The exchange of data is a fundamentally different exchange of value than other transactions. Unlike most goods, data is non-rivalrous: many different companies can collect, share and use the same data simultaneously. Similarly, when consumers “pay with data” to access a website, they still have the same amount of data after the transaction as before. As a result, users have an infinite resource available to them to access free online services. In other words, if I give you $10, I have $10 less. But if I tell you I am a Star Wars fan, now we both know that information. Sharing my data does not preclude me from sharing the same data to access any number of services.

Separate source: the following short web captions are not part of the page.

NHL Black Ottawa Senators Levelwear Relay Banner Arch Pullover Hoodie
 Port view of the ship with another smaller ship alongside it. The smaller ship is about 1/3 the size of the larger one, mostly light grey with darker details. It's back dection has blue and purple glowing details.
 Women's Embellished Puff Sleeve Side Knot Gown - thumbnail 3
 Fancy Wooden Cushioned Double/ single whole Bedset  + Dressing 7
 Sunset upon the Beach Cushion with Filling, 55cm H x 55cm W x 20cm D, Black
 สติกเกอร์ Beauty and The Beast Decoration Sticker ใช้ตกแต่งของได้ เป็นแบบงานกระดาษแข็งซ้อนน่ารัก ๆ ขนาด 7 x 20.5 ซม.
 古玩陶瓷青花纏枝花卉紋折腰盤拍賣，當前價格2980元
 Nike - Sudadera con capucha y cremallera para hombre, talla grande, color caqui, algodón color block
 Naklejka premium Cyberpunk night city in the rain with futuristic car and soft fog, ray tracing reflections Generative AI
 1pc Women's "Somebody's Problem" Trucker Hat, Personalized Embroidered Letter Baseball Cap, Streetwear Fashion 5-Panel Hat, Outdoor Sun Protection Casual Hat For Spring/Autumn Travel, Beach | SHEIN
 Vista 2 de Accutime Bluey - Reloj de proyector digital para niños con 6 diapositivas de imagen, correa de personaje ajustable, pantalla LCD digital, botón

Yet most detractors do not understand how services turn user data into value, mistakenly arguing that the interests of ad-supported companies and consumers are not aligned when users are not paying for services. Indeed, many go so far as to claim that if consumers are not paying money to use a service, then they are the product. The clear implication is that free services treat consumers worse than those that require payment.

This claim could not be further from the truth. Ad-supported digital services turn data into value by functioning as two-sided markets that connect consumers and advertisers. Users get access to a free service and advertisers get access to an audience for its ads. In most cases, the advertiser does not even know which users see their ad, only that the ad is placed in front of a targeted group of people, such as people who live in Washington or have an interest in travel.

Moreover, simply paying for a service does not immediately translate into a better experience for the consumer. For example, airline passengers often cite increasingly cramped airplane seats, lack of amenities and poor customer service — despite paying for tickets. Indeed, whether a company’s business model is subscription-based, pay-per single use, ad-based or any combination of the three has no bearing on the quality of consumer experiences.

Unfortunately, a growing number of advocates and some policymakers have started calling for privacy regulations for free digital services because they do not understand how ad-supported services operate nor see the value they generate for users. For example, Congress introduced legislation in April to require affirmative consent for data collection. These regulations would likely have a severe effect on the free internet ecosystem by reducing the effectiveness of advertising. One study of European regulations that limited how advertisers can collect and use consumer information for targeted advertising found that these rules reduced the effectiveness of online ads by 65 percent — leading to a massive reduction in revenue.

With much less money from advertising, some companies would have to switch from a free, ad-supported business model to a fee-for-service or subscription business model, where customers would have to pay for services that were once free. You can hear the complaints now: Why are these greedy companies now charging for things they used to offer free of charge?

Policymakers should recognize that the exchange of data for services is not a zero-sum game, and businesses and consumers mutually benefit from the choice to share data. Moreover, not every user can afford to purchase subscription services, and no business can offer free services forever without monetizing them. In short, policymakers should not treat data as if it is a limited resource that must be rationed. Doing so can undercut the ability of consumers to gain access to innovative services, unnecessarily restrict how companies offer free or low-cost services, and limit society’s ability to use data for the benefit of all.